A Turkish aid agency has restored a part of the Agadez Sultanate, a Berber kingdom centered in the city of Agadez, which has been active since the Ottoman Empire era in Niger.
The Turkish Cooperation and Coordination Agency (TIKA) said in a statement on Monday that the welcome room of the sultanate was inaugurated with the participation of Oumarou Ibrahim Oumarou, the sultan of the Agadez region.
Governor Sadou Soloke, Head of the Regional Council of Municipalities Mohamed Anacko, military officials and civilians also attended the ceremony.
Speaking at the ceremony, Oumarou, a descendant of the Ottoman Empire, briefed the participants on the history of the region which dates back to centuries ago.
According to Oumarou, internal anarchy and external threats had forced the people of Tuareg to search for a permanent solution to the problem of unity and identity.

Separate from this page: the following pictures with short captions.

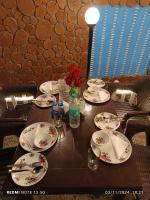 une table avec des assiettes et des fleurs au-dessus dans l'établissement Thrill Venture Manali Stays End to End Himachal Experience, Explore at your Pace! A true Hidden Gem, à Manali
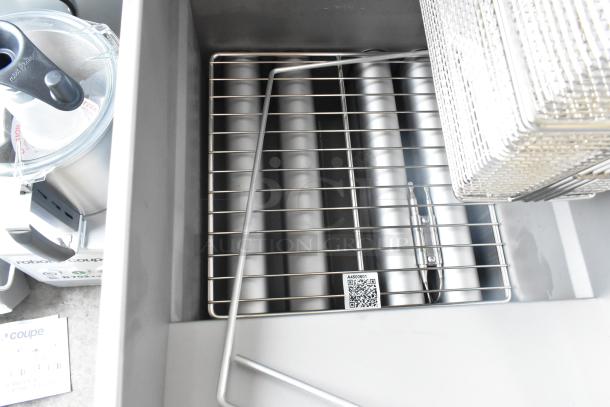 Brand new 2022 Pitco Frialator SG14 stainless steel commercial fryer, natural gas, 110,000 BTU, with two metal baskets.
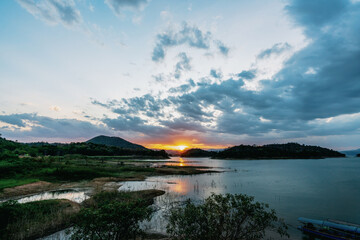 Obraz premium beautiful blue sky lake view high peak jungle mountains green river forest at Kaeng Krachan dam National Park, Phetchaburi, Thailand.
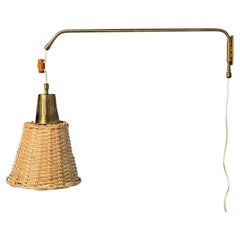 Ateljé Lyktan, Articulating Wall Light, Brass, Cane, Teak, Sweden, 1970s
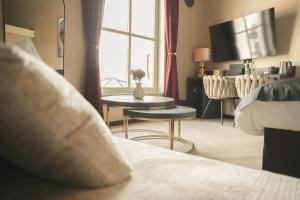 a bedroom with a bed and a table and a tv at Stadshotel Jacob Cats in Brouwershaven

"They decided to have a leader who came from an empire that was respected by many people around the world," Oumarou said.

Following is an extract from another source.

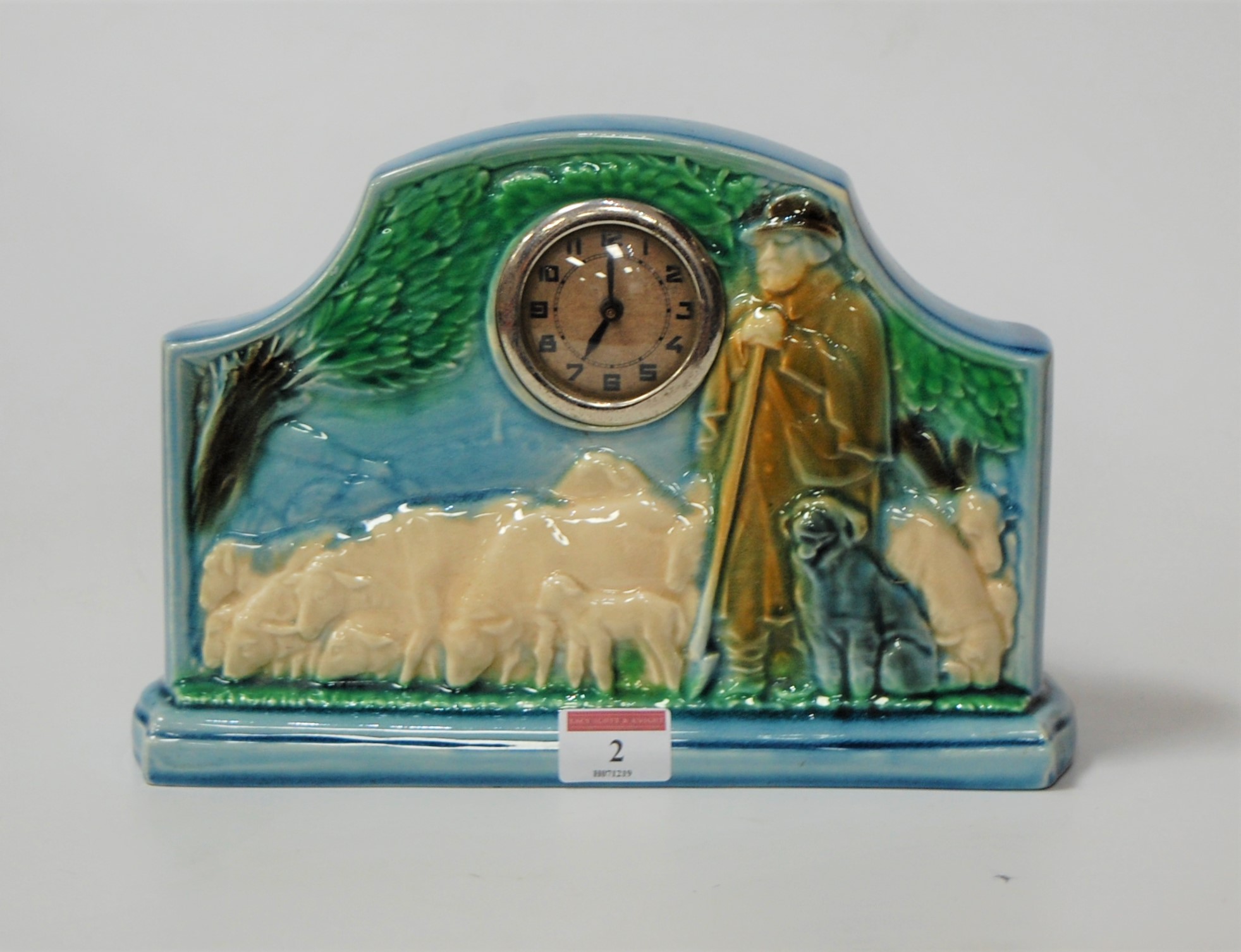 An early 20th century French Sarreguemines pottery mantel clock, the case relief decorated with a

The Agadez Sultanate has existed since the Ottoman Empire. The region was once the farthest point of the empire.
Rumor has it that the tribes from Agadez requested the Ottoman Empire to send them a ruler in the early 1400s.
The Sultan Bayezid thus sent Yunus, his son born from an African woman in his harem, to reign in the region.
Since the arrival of Sultan Yunus, the people of the Sultanate of Agadez, most of whom were Tuaregs, have been called "Istanbuleva" which means "those who come from Istanbul".
The sultans of Agadez have still been playing an active role in resolving disputes between tribes, bringing social changes, development of the region, and reducing poverty in the country.